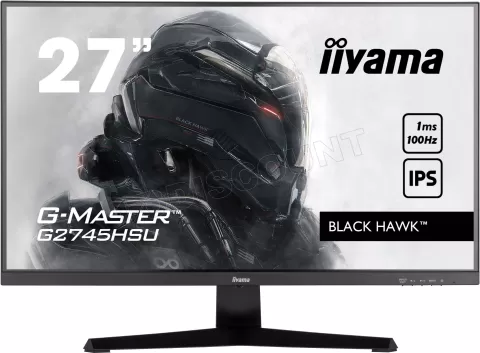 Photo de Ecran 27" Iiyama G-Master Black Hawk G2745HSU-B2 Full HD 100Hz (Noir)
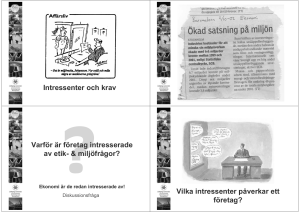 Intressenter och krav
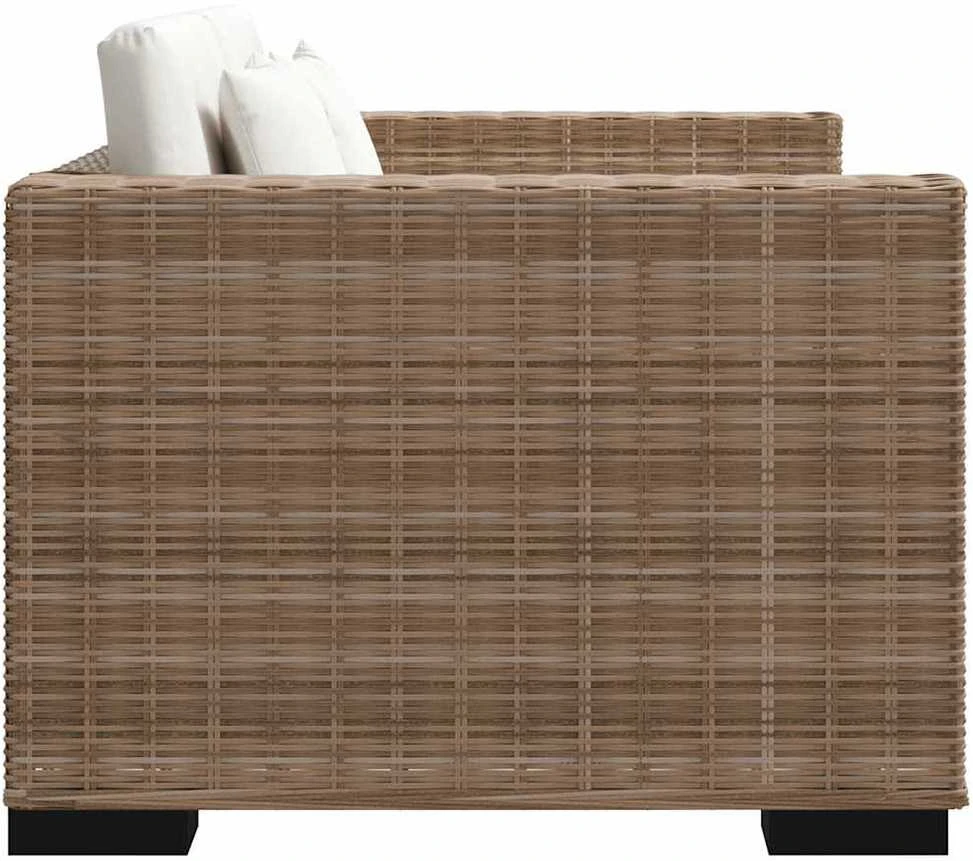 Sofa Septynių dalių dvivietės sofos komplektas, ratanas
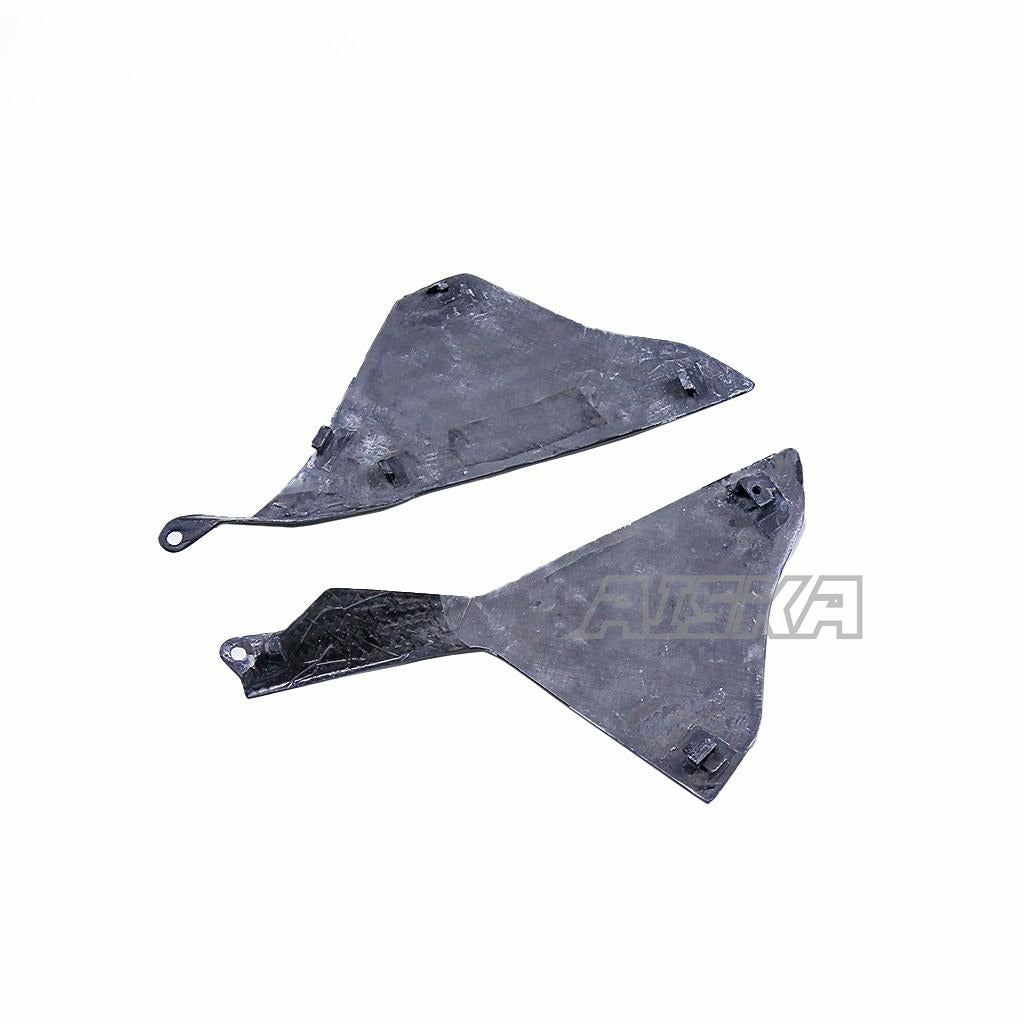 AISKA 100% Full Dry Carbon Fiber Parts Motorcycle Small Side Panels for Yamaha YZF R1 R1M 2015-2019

* * *

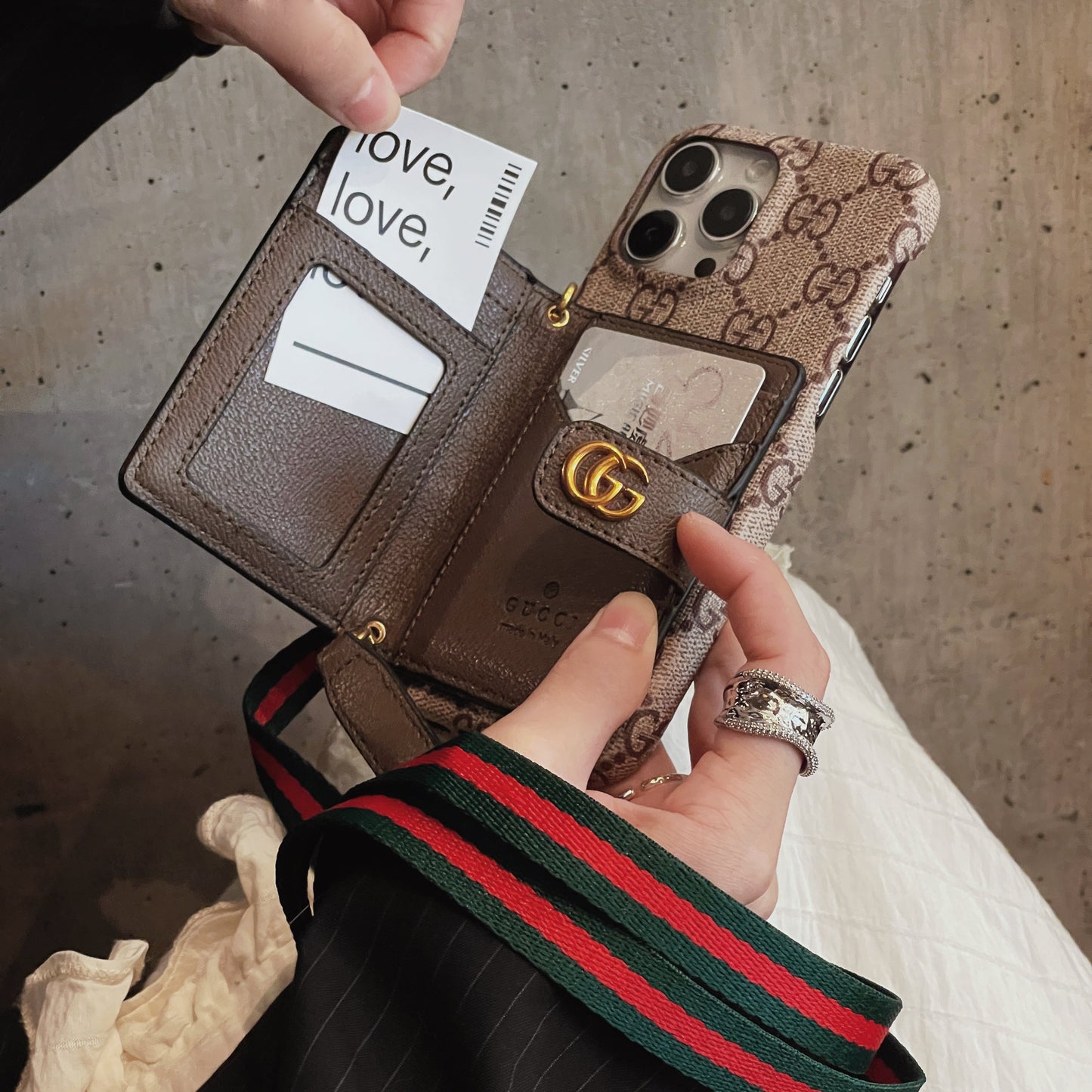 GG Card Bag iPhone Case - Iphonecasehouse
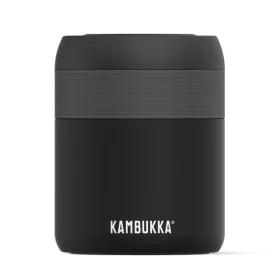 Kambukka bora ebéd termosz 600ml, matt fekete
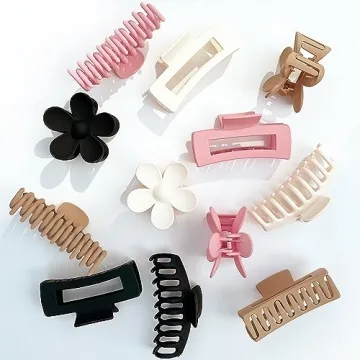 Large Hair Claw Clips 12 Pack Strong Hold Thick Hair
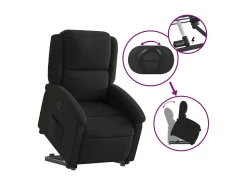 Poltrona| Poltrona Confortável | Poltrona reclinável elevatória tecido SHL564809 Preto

*Directions for this task*
Within the listing above, print exactly the stretch beginning at the line that contains "Sofa Septynių dalių" and finishing at the line that contains "AISKA 100% Full", ends kept, pictures left out, and nothing more.

*Response for this exercise*
 Sofa Septynių dalių dvivietės sofos komplektas, ratanas
 AISKA 100% Full Dry Carbon Fiber Parts Motorcycle Small Side Panels for Yamaha YZF R1 R1M 2015-2019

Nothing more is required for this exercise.